_Data under study_
════
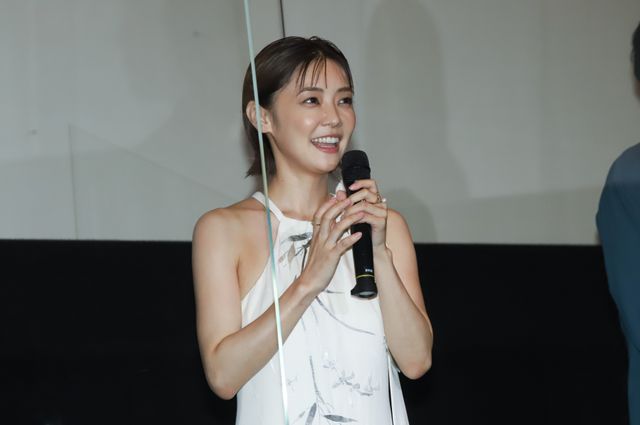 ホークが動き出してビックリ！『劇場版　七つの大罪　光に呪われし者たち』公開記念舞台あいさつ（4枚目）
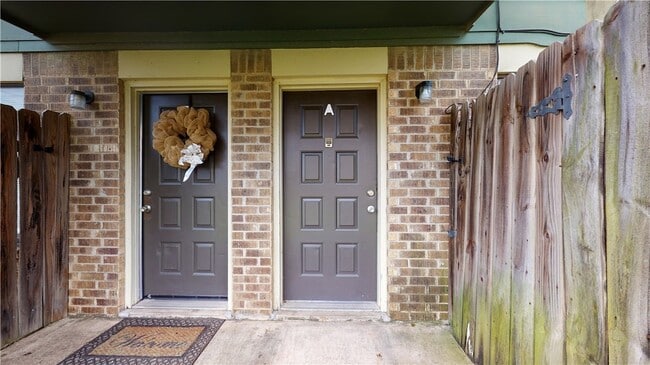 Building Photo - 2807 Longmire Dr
════
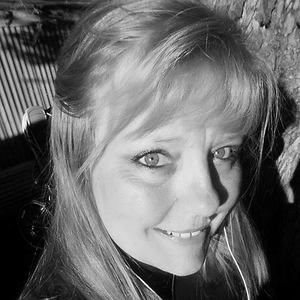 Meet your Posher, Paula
════
_Try it_
What should come back is an exact copy of the lines above from the line with "ホークが動き出してビックリ！" to the line with "Building Photo - 2807 Longmire Dr", both included, minus the pictures.

_Solution for this task_
 ホークが動き出してビックリ！『劇場版　七つの大罪　光に呪われし者たち』公開記念舞台あいさつ（4枚目）
 Building Photo - 2807 Longmire Dr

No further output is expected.